The important thing in learning is connecting concepts with phenomena in daily
life. The ability to reflect on your experiences, thinking, mental disposition helps in building metacognitive skill  or deeper thinking skills. The change in our environment and its impact on our thinking is worth documenting. This is a historic period we are living through so what better time for children to start creating something that could be of potential value in times to come or simply a part of their family history.

Developing metacognitive skills are important in students because they help to monitor
cognitive activities, such as planning, monitoring, and evaluating their feelings and emotions during this time. Practicing metacognitive skills can be done using learning strategies such as, creating a storyboard. This can be a free-thinking activity for students or a purposeful one. The choice is yours.

The Great British Creativity Test research led by Dr Daisy Fancourt, states that there are three main ways we use creativity as coping mechanisms to control our emotions. You can read more about it here.

  1. A distraction tool– Using creativity to avoid stress
  2. A Contemplation tool– Using creativity to give us a mind space to re-evaluate
  3. A means of self development to face challenges by building up self-esteem and confidence.

What do you need to create a visual story board?

It is very simple indeed. All that is required is some old magazines, newspapers, quotes, perhaps pictures and some doodles that you, can draw. The other supporting material can be, sketch pens, markers, glue, pair of scissors, general stationary items and paper. Any type of paper will do. But a thicker variety like a drawing sheet or poster paper may be a bit better. And yes, loads of imagination!

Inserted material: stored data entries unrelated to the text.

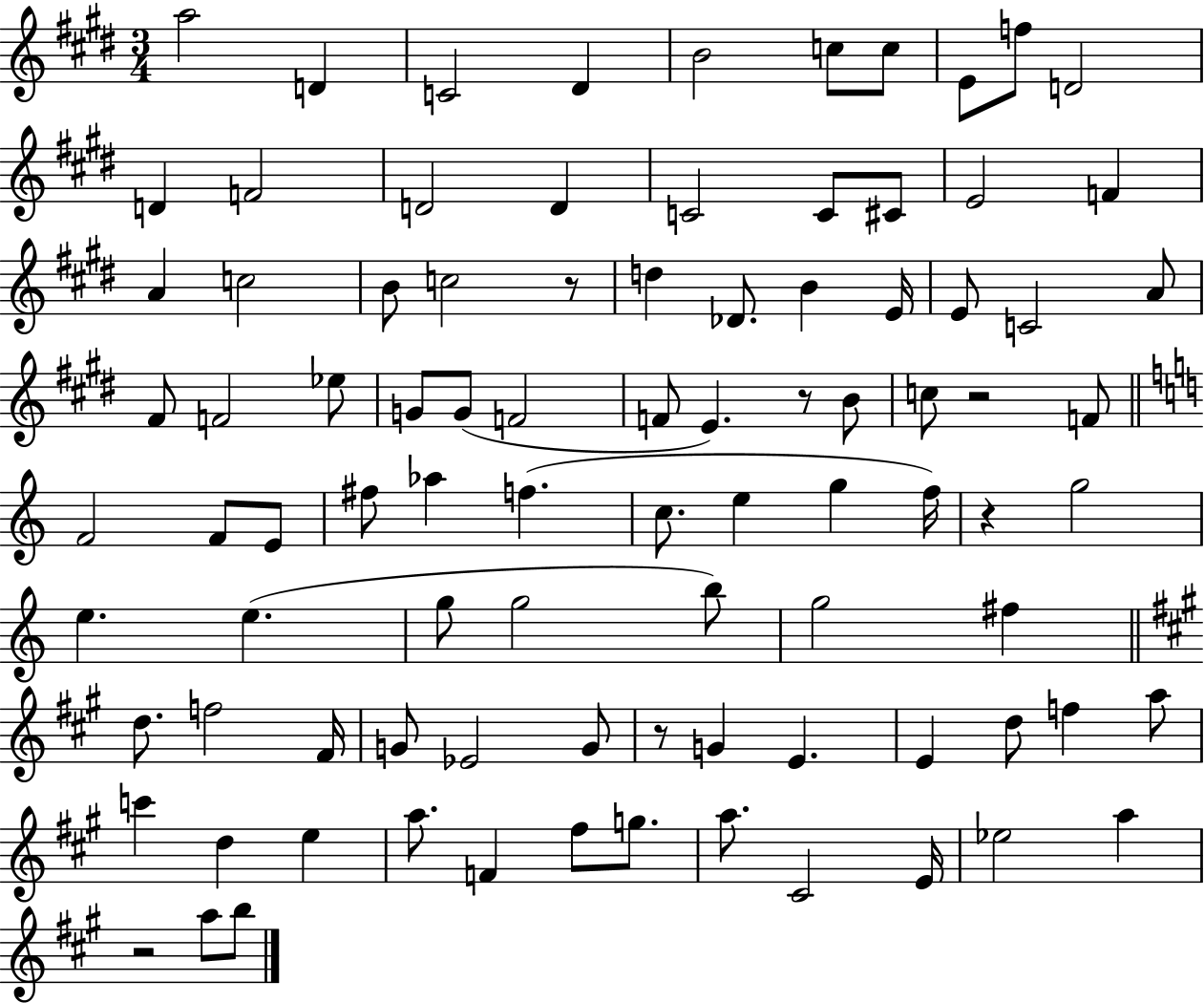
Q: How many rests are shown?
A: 6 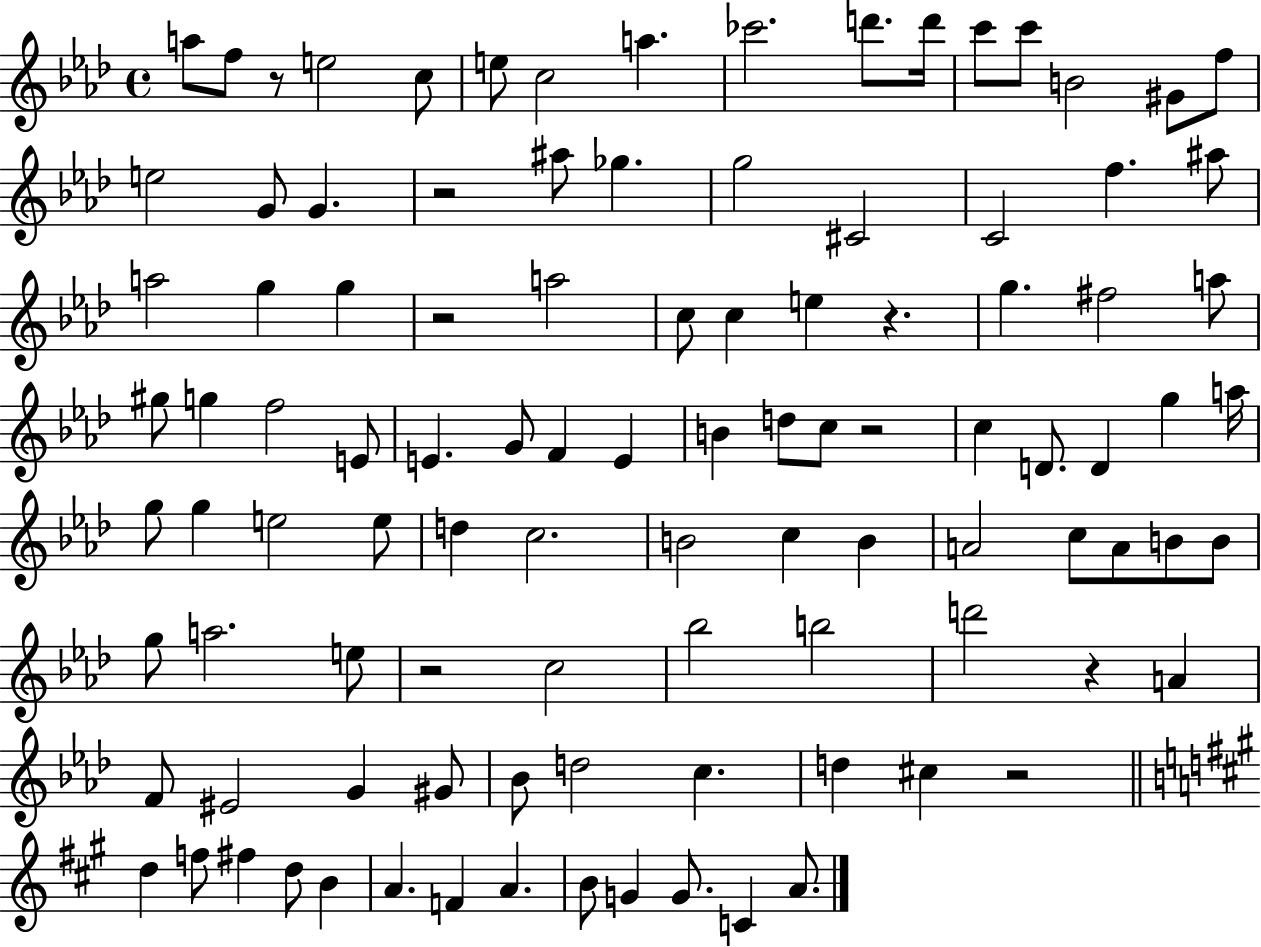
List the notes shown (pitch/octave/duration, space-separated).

A5/e F5/e R/e E5/h C5/e E5/e C5/h A5/q. CES6/h. D6/e. D6/s C6/e C6/e B4/h G#4/e F5/e E5/h G4/e G4/q. R/h A#5/e Gb5/q. G5/h C#4/h C4/h F5/q. A#5/e A5/h G5/q G5/q R/h A5/h C5/e C5/q E5/q R/q. G5/q. F#5/h A5/e G#5/e G5/q F5/h E4/e E4/q. G4/e F4/q E4/q B4/q D5/e C5/e R/h C5/q D4/e. D4/q G5/q A5/s G5/e G5/q E5/h E5/e D5/q C5/h. B4/h C5/q B4/q A4/h C5/e A4/e B4/e B4/e G5/e A5/h. E5/e R/h C5/h Bb5/h B5/h D6/h R/q A4/q F4/e EIS4/h G4/q G#4/e Bb4/e D5/h C5/q. D5/q C#5/q R/h D5/q F5/e F#5/q D5/e B4/q A4/q. F4/q A4/q. B4/e G4/q G4/e. C4/q A4/e. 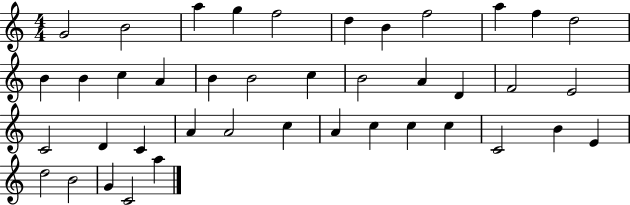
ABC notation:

X:1
T:Untitled
M:4/4
L:1/4
K:C
G2 B2 a g f2 d B f2 a f d2 B B c A B B2 c B2 A D F2 E2 C2 D C A A2 c A c c c C2 B E d2 B2 G C2 a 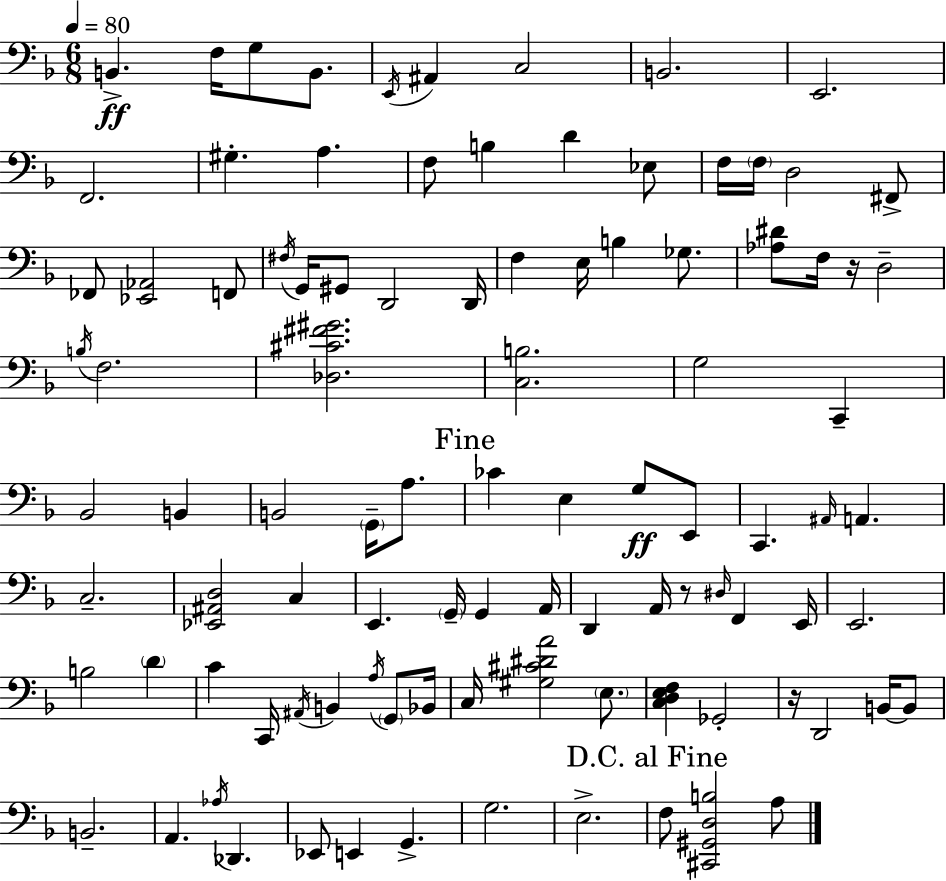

How to create a story board?

Start going through old magazines, books, newspapers and cut out the pictures that you like. Remember to also cut out the titles or bold text of articles. They make for a good calligraphy shout outs. Let your mind be free and get as imaginative as you like. It is about what catches your eye at this time, what you feel and what you wish to document. Once you have cut out some pictures, quotes, taglines, create a thumbnail.

Create a thumbnail

This is the place-mat of what your final board will look like. Here you are basically looking at how you want the story to flow on your board. Should that be like a flowchart? Radial, starting from the center and then moving outwards, top to bottom, left to right, timeline format etc. Once you decide the layout and place your cutout pictures, with a pencil mark the space where you would like to draw your doodles or practice your calligraphy skills by writing the quotes that you like. Once you are satisfied with your complete layout, click a picture of it for your reference.

The final

Now you are ready to go! Start sticking the pictures as planned and adding your quotes to the drawing sheet. Try layering and use multimedia like paint, colored pencils, crayons etc. Remember to sign off with the date when you completed your story board.

 

Story Board

The, research further says that getting creative is good for our emotion and mental well being. Trying out something new and creative is important regardless of skill level, it is the taking part that counts.

What better time then to try your hand at some creativity, but now.